The argument I gave these past two weeks lands in an entirely different spot from that offered by the classical school of statistics. Not a new spot, just a different one. The theory I have been calling “predictive” is actually old. Philosophically old, not mathematically. The philosophy is positivism or logical probability (see below about “positivism”).
This view of probability is the one given by John Maynard Keyenes (A Treatise on Probability), Harold Jeffereys (Theory of Probability), Rudolph Carnap (Logical Foundations of Probability), Edwin Jaynes (Probability Theory: The Logic of Science), Bruno de Finetti (Theory of Probability), Seymour Geisser (Predictive Inference: An Introduction), David Stove (The Rationality of Induction), and other similar authors. And don’t forget Pierre-Simon, Marquis de Laplace (A Philosophical Essay On Probabilities ).
Few of these books, or none, is ever read or taught in ordinary university courses in probability and statistics, so it is not surprising they are unfamiliar to most statisticians. Certainly these authors never show up in undergraduate classes. And when they appear in graduate courses—a rare thing—it is the mathematics which is emphasized, not the philosophy.

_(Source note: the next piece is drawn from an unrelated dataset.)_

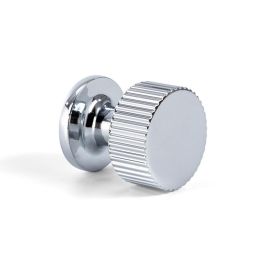SYSTEM Pomo de Aluminio Modelo Gera Ø26mm Acabado Cromo para Puertas y Cajones - Instalación Frontal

I have tried to be careful to show that, even if the classical frequentist theory is accepted, the language used to describe results is often wrong or exaggerated. Few recall the precise definitions of p-values and confidence intervals, for example. Even text books are schizophrenic: different interpretations of these creatures often appear even within individual books! This is partly because the definitions of these are tangled, long, and non-intuitive.
But even if the language is proper, the results themselves—for which, I hasten to add, the mathematics are flawless—are not what anybody wants; worse, the results produce over-certainty. If presented with the choice of two drugs, what you want to know is the chance that one is better than another. You are not interested in the probability of seeing a larger value of an obscure test statistic assuming that you repeat some trial an infinite number of times and assuming the truth of some probability model, given that the parameters of which are set equal or set equal to zero (this is, of course, the p-value).
What exacerbates the disparity is that the evidence given by the p-value is guaranteed to be exaggerated with respect to the chance that one drug is better than another (this is a provable, and well proved, mathematical claim). The p-value can be as small as you like (“highly statistically significant”), but that does not imply that the chance that one drug is better than another is high.
The situation is improved when one moves to considering posterior distributions of parameters of models. But not by much. Language used to describe posterior distributions is certainly more intuitive and memorable than that used in hypothesis testing, but it is still the case that knowledge of the value of a parameter (given some data and accepting the truth of some model) still exaggerates the evidence that the chance that one drug is better than another. Once again, one can have almost certain knowledge of the value of some parameter or parameters (as in estimation or hypothesis testing), but this does not translate into high probability that one drug is better than another.
The situation is improved once more by moving to predictive statistics. Improved, not solved—for there is no solution. Uncertainty in contingent events and theories will always be with us. An event or theory being contingent makes this so. But at least we can say the chance that one drug is better than another is X%—given we accept the truth of some model and given our observations.
Hypothesis testing and Bayesian parameter estimation cannot give direct evidence whether the models we have been assuming true really are. This too is a provable, and well proved, mathematical and philosophical statement. Predictive methods can and do give us this evidence. Further, this evidence is expressed in natural language in statements of probabilities of observables and in terms of decisions we make with these observables.
I’ll show more examples as time goes on. But for those who want a head start, you cannot go wrong by reading the books given above.
Update When I say positivism, I not mean the Vienna Circle logical positivism. I do mean positivistic. See comments below.
1Another difficulty is when that chain is offered in 800-word, non-contiguous chunks. And when those words are unclear, the situation is not made any easier. But I’m working on fixing that.